━━━ Extracted data

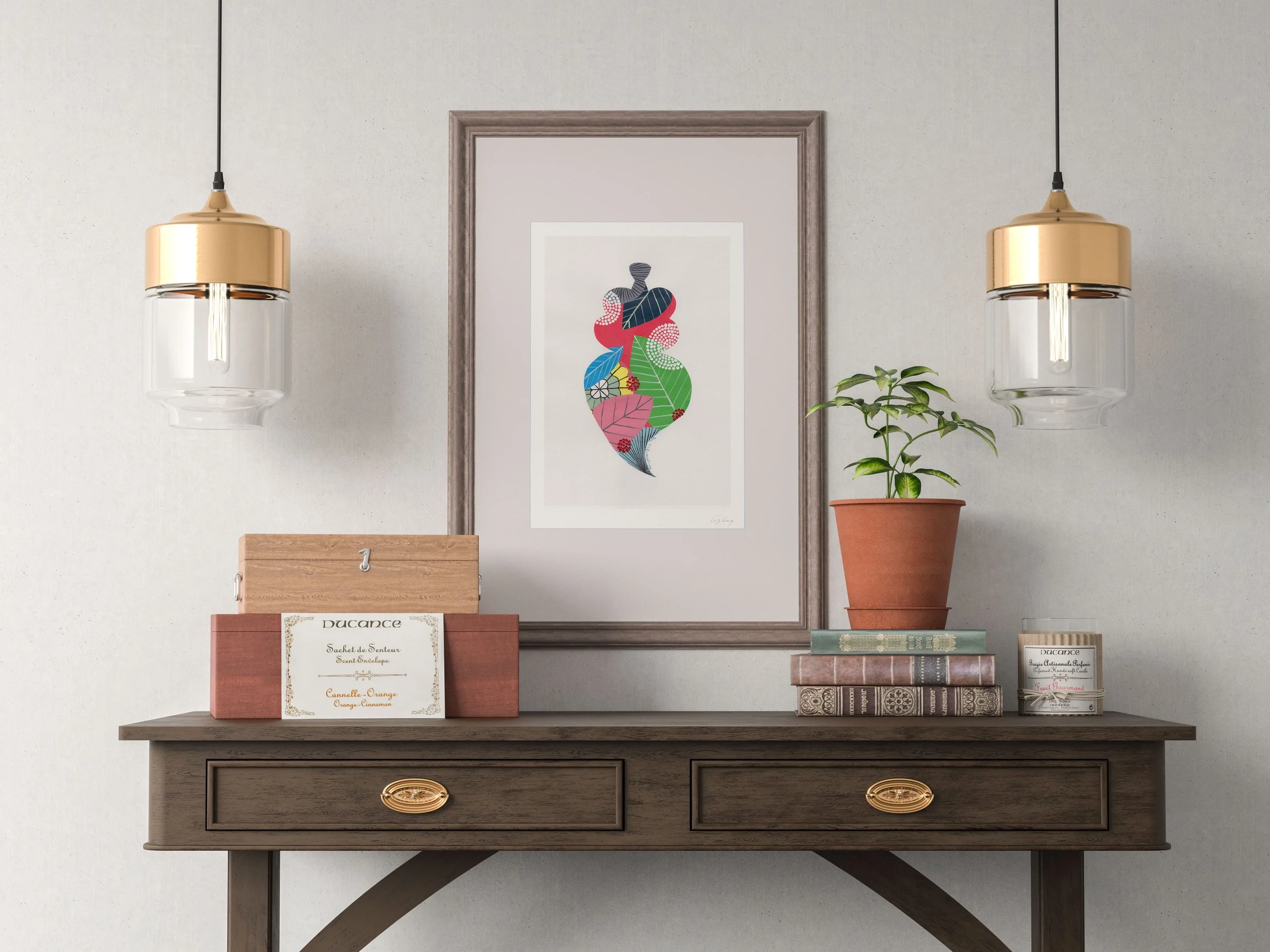 Portuguese Heart (Pink #1) - Fine art print by Lis Gonçalves. A modern and colourful take on a famous Portuguese icon.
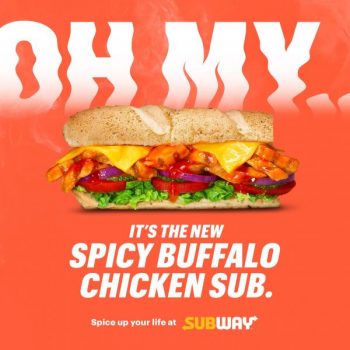 Subway-Spicy-Buffalo-Chicken-Sub-Promo-350x350 - Beverages Food , Restaurant & Pub Johor Kedah Kelantan Kuala Lumpur Melaka Negeri Sembilan Pahang Penang Perak Perlis Promotions & Freebies Putrajaya Sabah Sarawak Selangor Terengganu 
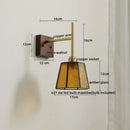 GobekUsa Glass Copper LED Wall Lights Modern Bedside Lamp for Bedroom Living Room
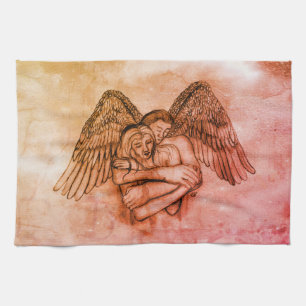 Paño De Cocina Angel Eros en el amor, te amo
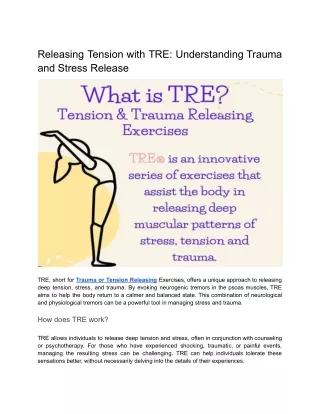 Empower Your Inner Healing: Exploring TRE for Self-Regulation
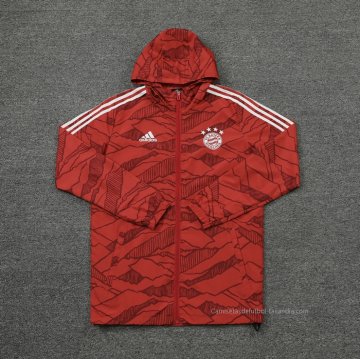 Chandal de Rompevientos del Bayern Munich 2021-2022 Rojo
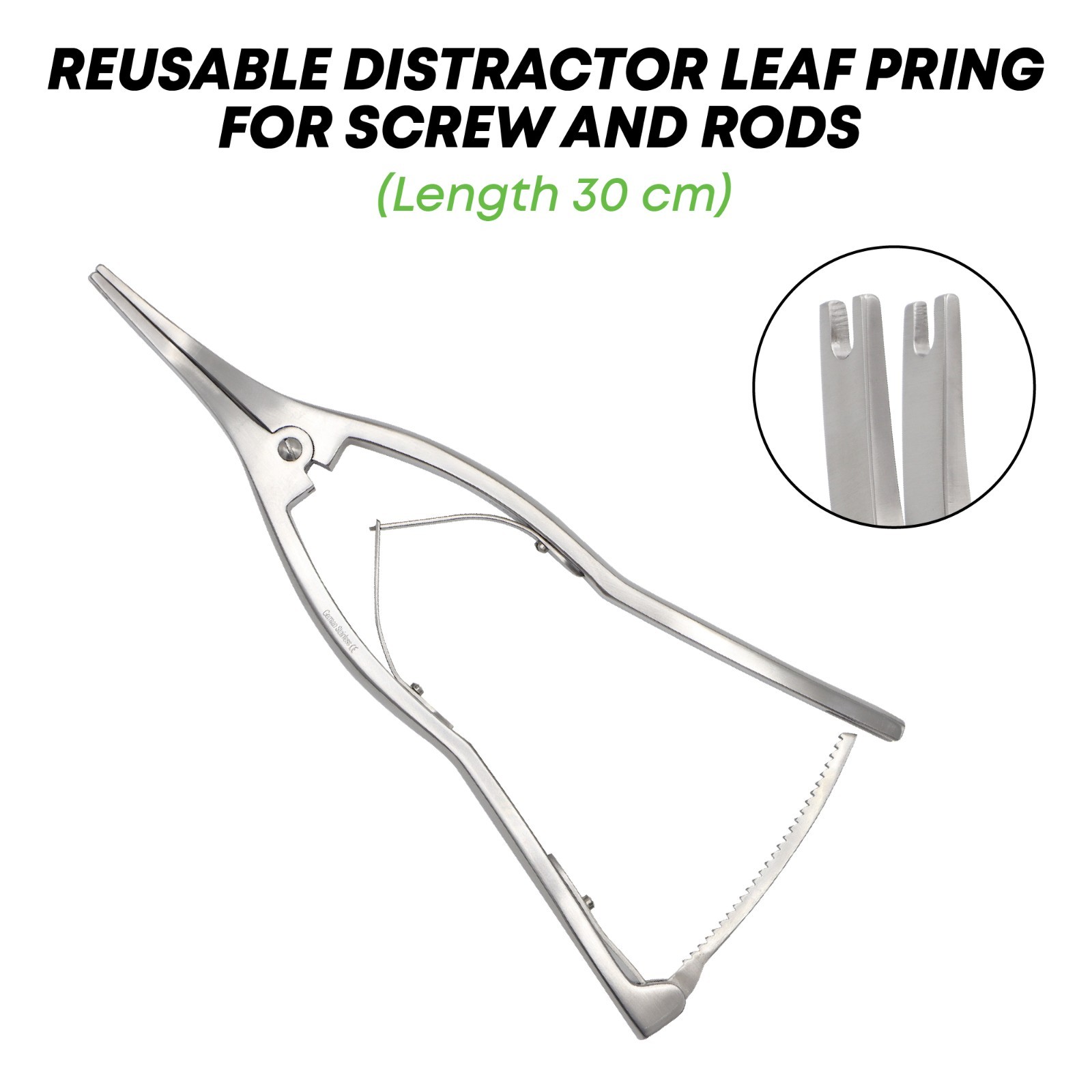 Distractor 30cm 12″ Leaf Spring for Screw & Rods Orthopedic Surgical Instrument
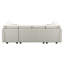 Canapé-lit modulaire en chenille avec rangement Anjanette-1125681368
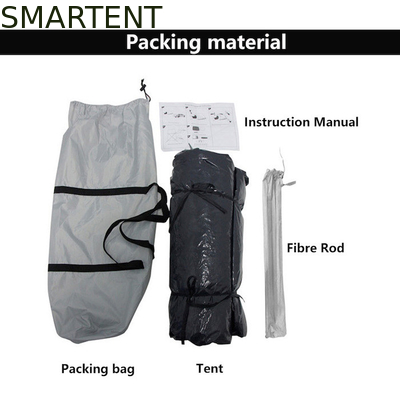 (165+50) * 165*176CM 1 personne Couleur bleue imperméable à l'eau Polyester argenté recouvert 210D Automatique Pop UP Truck Tail Tent fournisseur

━━━━━━

About this exercise: Write out only the lines from the one that contains "Canapé-lit modulaire en" through the last line of the records above, both included, word for word and without the pictures.

Task result:
 Canapé-lit modulaire en chenille avec rangement Anjanette-1125681368
 (165+50) * 165*176CM 1 personne Couleur bleue imperméable à l'eau Polyester argenté recouvert 210D Automatique Pop UP Truck Tail Tent fournisseur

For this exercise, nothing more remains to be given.